_Aim of the task_:
Transcribe the entries that follow exactly as they appear, minus pictures.

◆ ◆ ◆ ◆ ◆ ◆ ◆

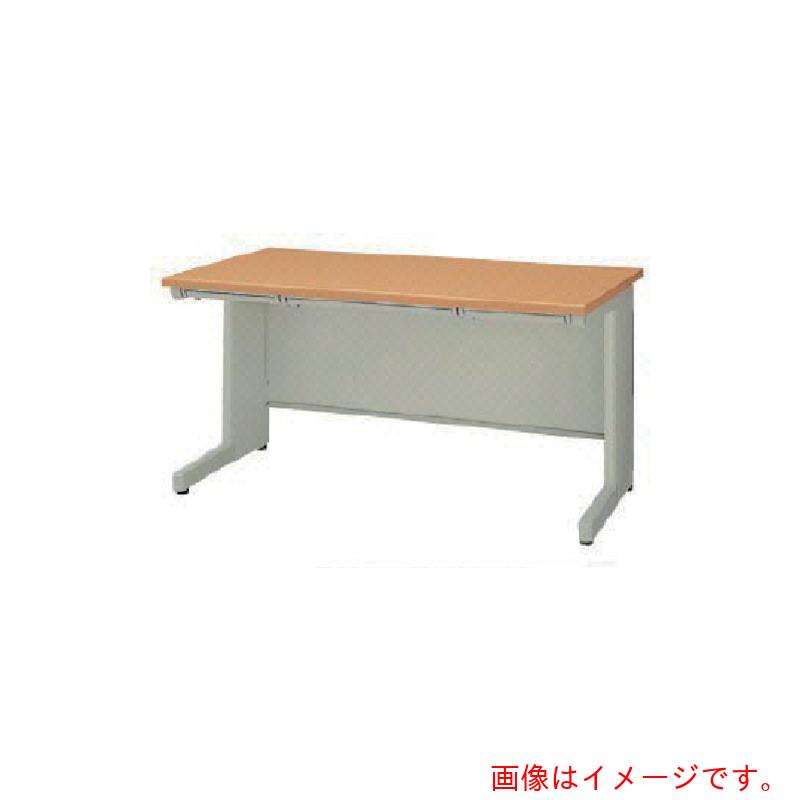【別途貨物輸送あり】ナイキ（NAIKI） 平事務机 ＮＥＤ型／天板：ライトバーチ肌理 本体：ウォーム白いこと／Ｗ１８００×Ｄ８００×Ｈ７００ 【品番：NED188F-AWL】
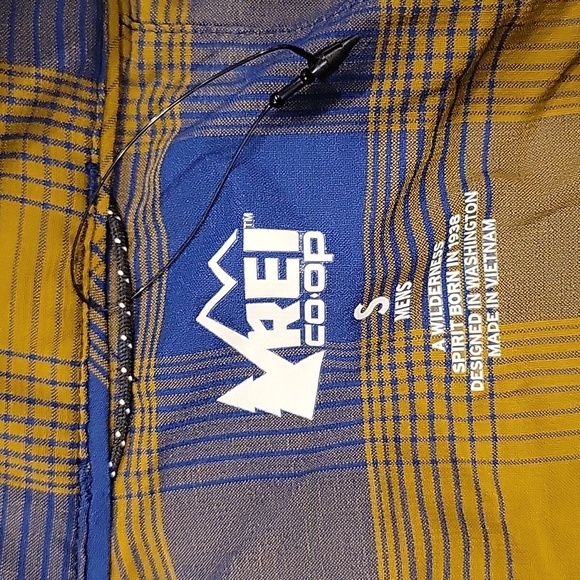 NWOT REI Co-Op Sahara Shirt Button Up Plaid Vented Roll Up Sleeve - Picture 3 of 3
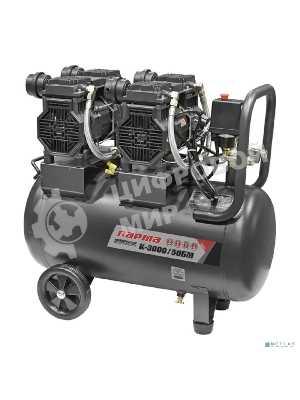 Компрессор поршневой Парма БМ K-3000/50БМ масляный 474л/мин 50л 3000Вт серый/черный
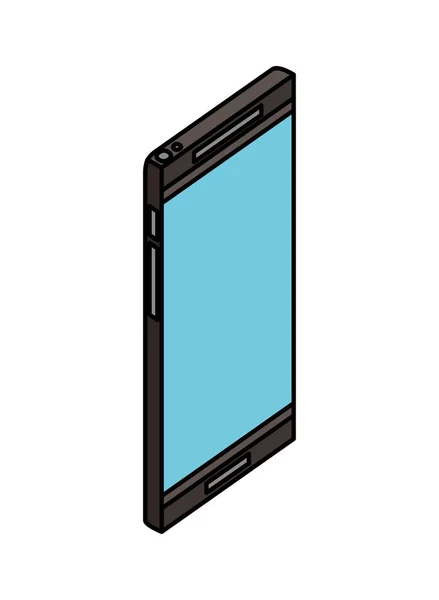 Smartphoneapparaat Digitale Witte Achtergrond Vectorillustratie — Stockvector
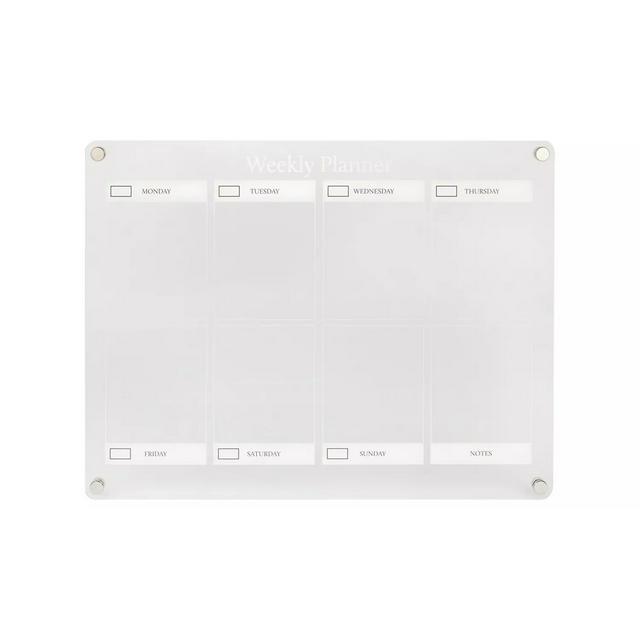 Sainsbury's Home Acrylic Weekly Magnetic Planner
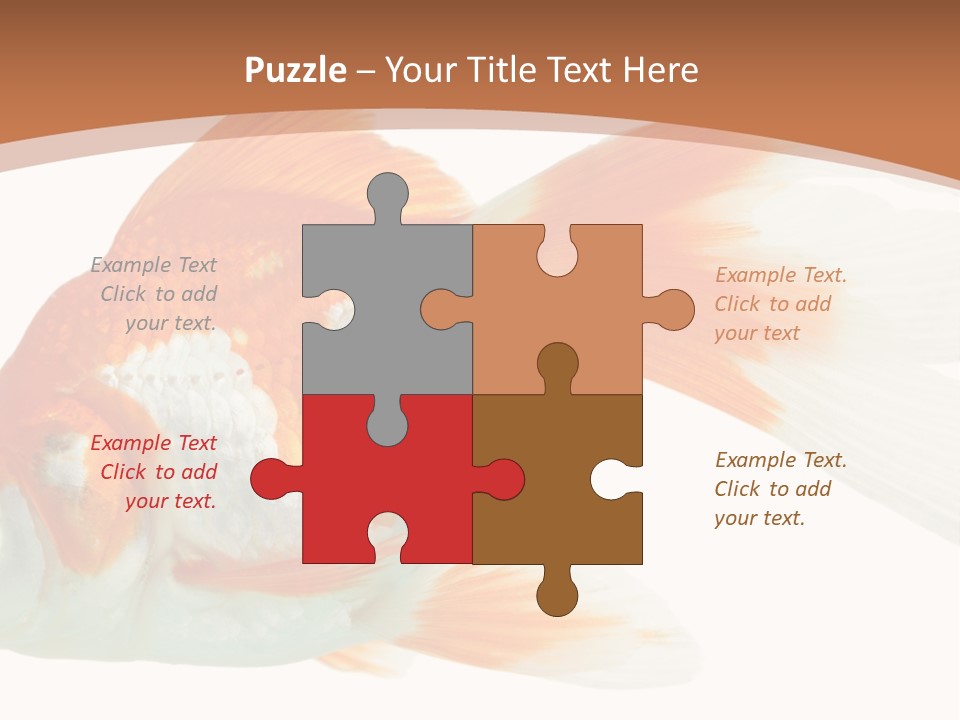 Bowl Aquarium Background PowerPoint Template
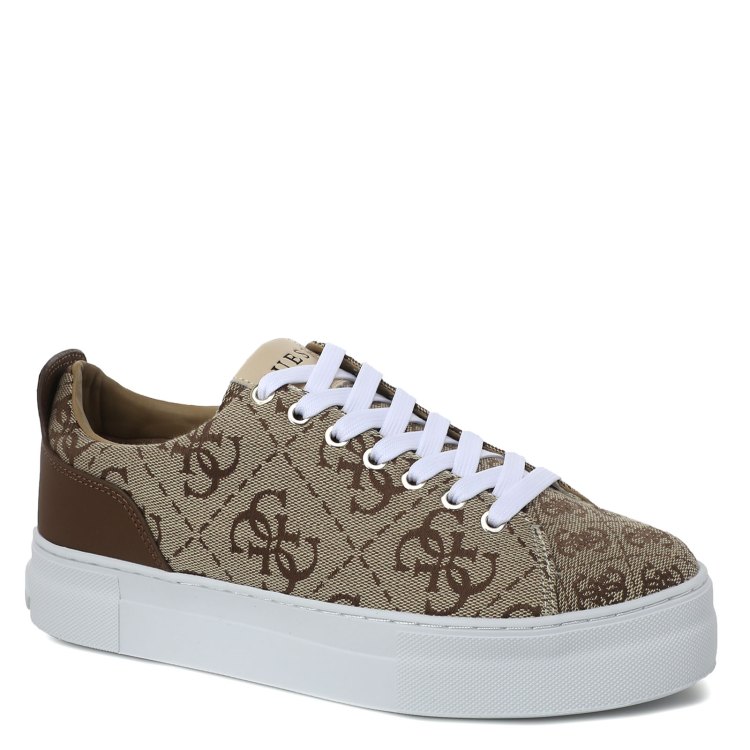 

Кеды женские Guess FL5GA6FAL12 бежевые 41 EU, FL5GA6FAL12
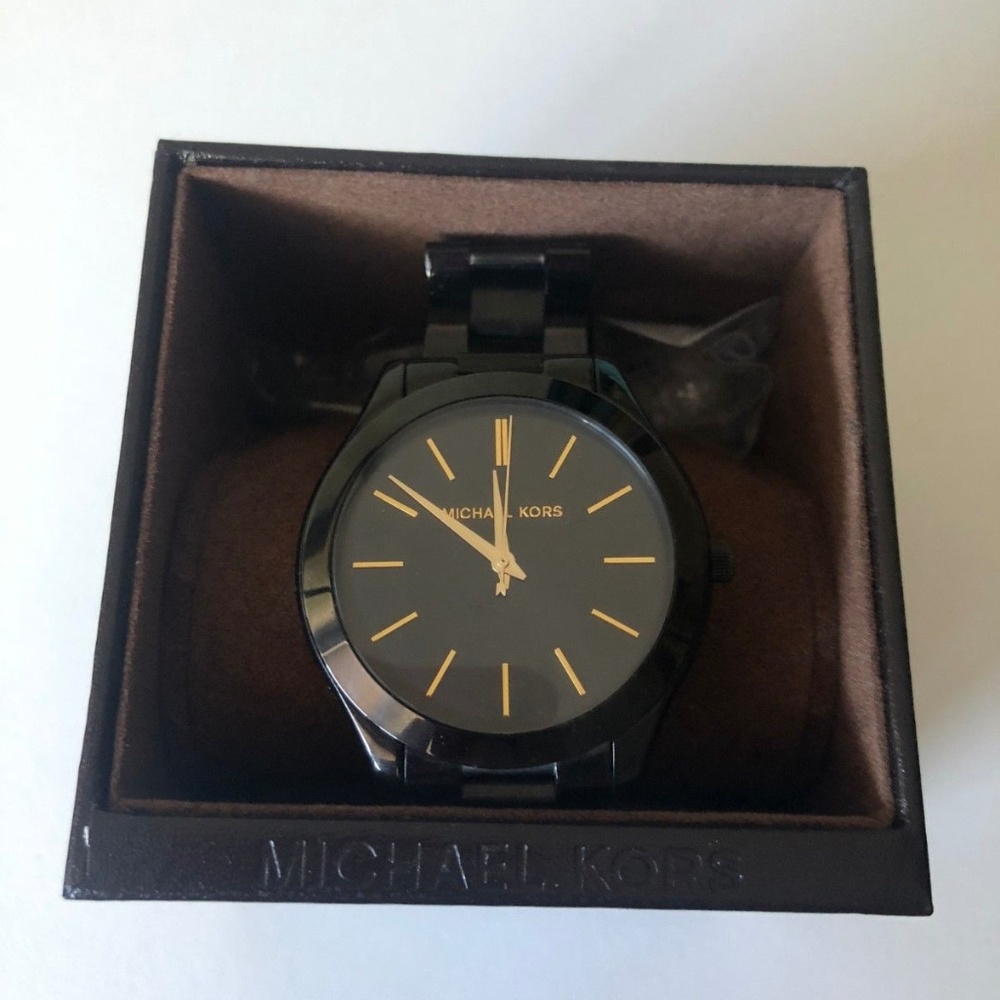Michael Kors Runway Black Stainless Steel Watch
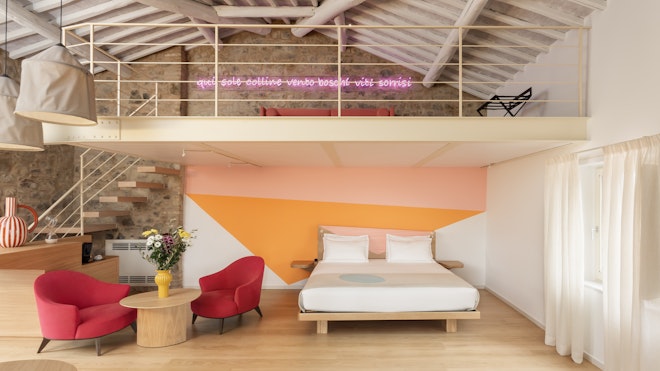 Suite Cima Rosa - Bedroom & Living Area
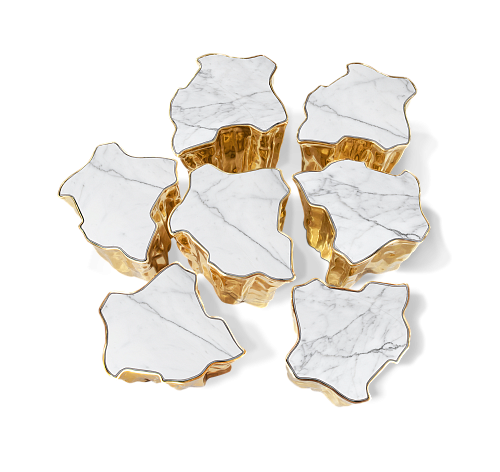 Paradise Serie Elfenbein‑Couchtisch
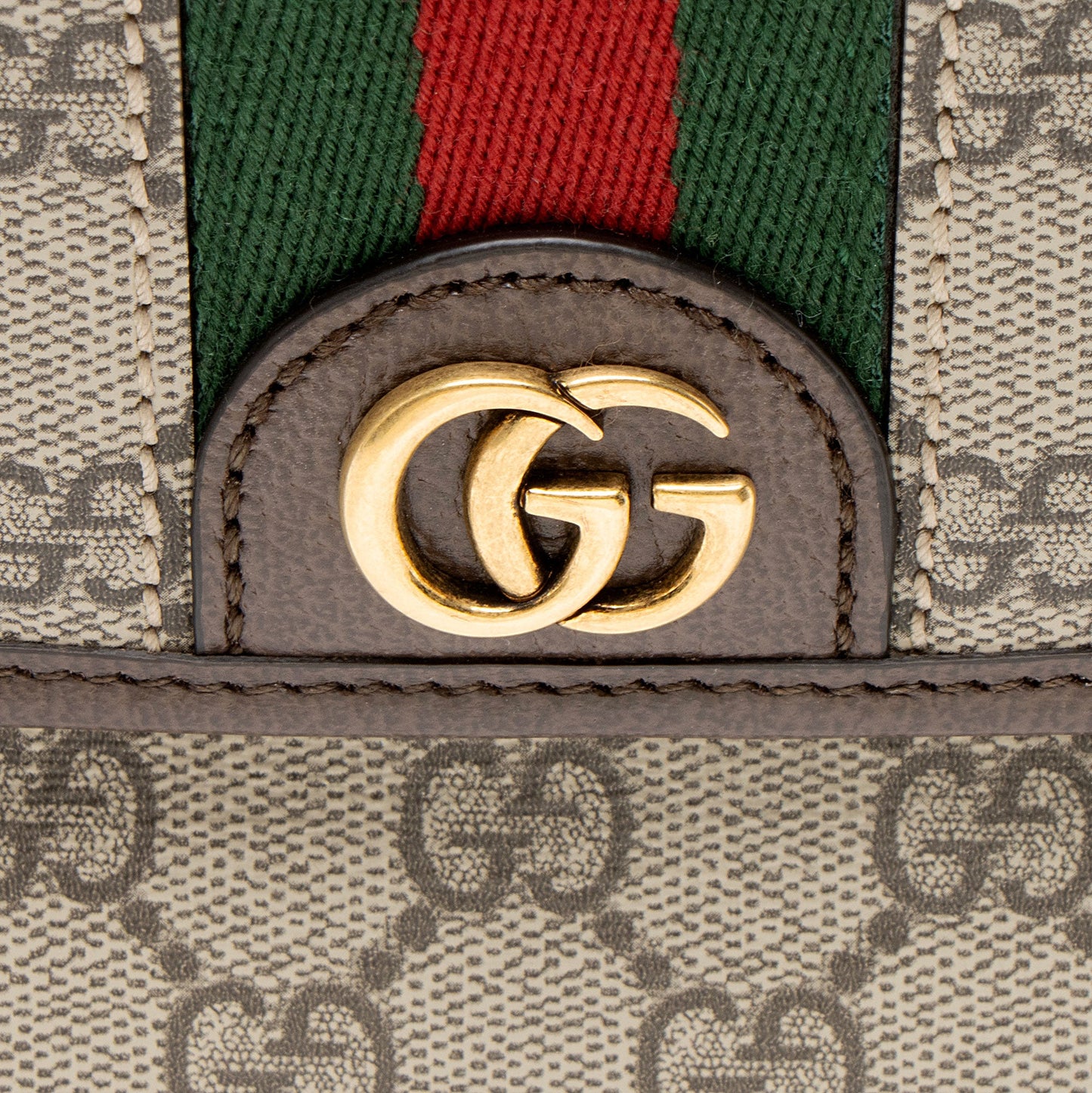 Gucci GG Supreme Ophidia Medium Flap Messenger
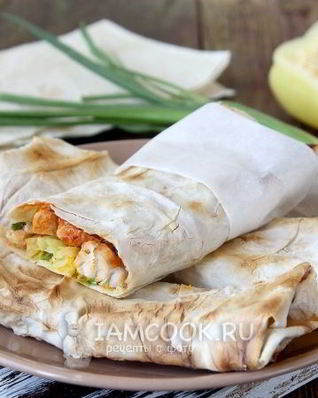 Шаурма в духовке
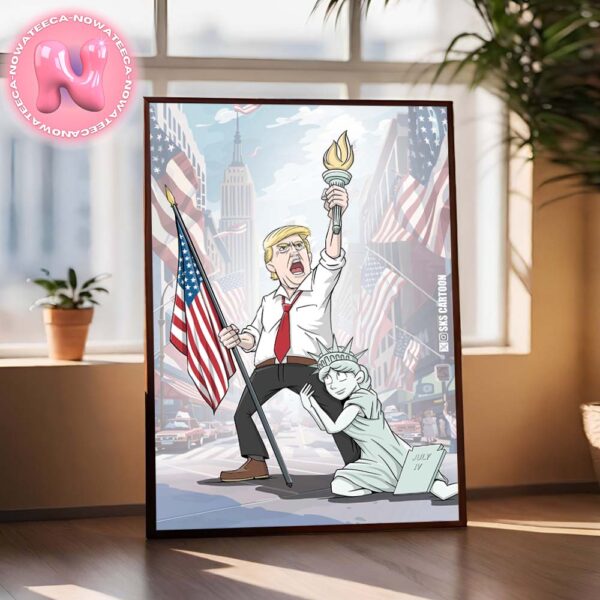 For The Us For The World Trump Must Win For President Of America 2024 Donald Trump Home Decor Poster Canvas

◆ ◆ ◆ ◆ ◆ ◆ ◆

_Result of the exercise_:
【別途貨物輸送あり】ナイキ（NAIKI） 平事務机 ＮＥＤ型／天板：ライトバーチ肌理 本体：ウォーム白いこと／Ｗ１８００×Ｄ８００×Ｈ７００ 【品番：NED188F-AWL】
 NWOT REI Co-Op Sahara Shirt Button Up Plaid Vented Roll Up Sleeve - Picture 3 of 3
 Компрессор поршневой Парма БМ K-3000/50БМ масляный 474л/мин 50л 3000Вт серый/черный
 Smartphoneapparaat Digitale Witte Achtergrond Vectorillustratie — Stockvector
 Sainsbury's Home Acrylic Weekly Magnetic Planner
 Bowl Aquarium Background PowerPoint Template

Кеды женские Guess FL5GA6FAL12 бежевые 41 EU, FL5GA6FAL12
Michael Kors Runway Black Stainless Steel Watch
 Suite Cima Rosa - Bedroom & Living Area
 Paradise Serie Elfenbein‑Couchtisch
 Gucci GG Supreme Ophidia Medium Flap Messenger
 Шаурма в духовке
 For The Us For The World Trump Must Win For President Of America 2024 Donald Trump Home Decor Poster Canvas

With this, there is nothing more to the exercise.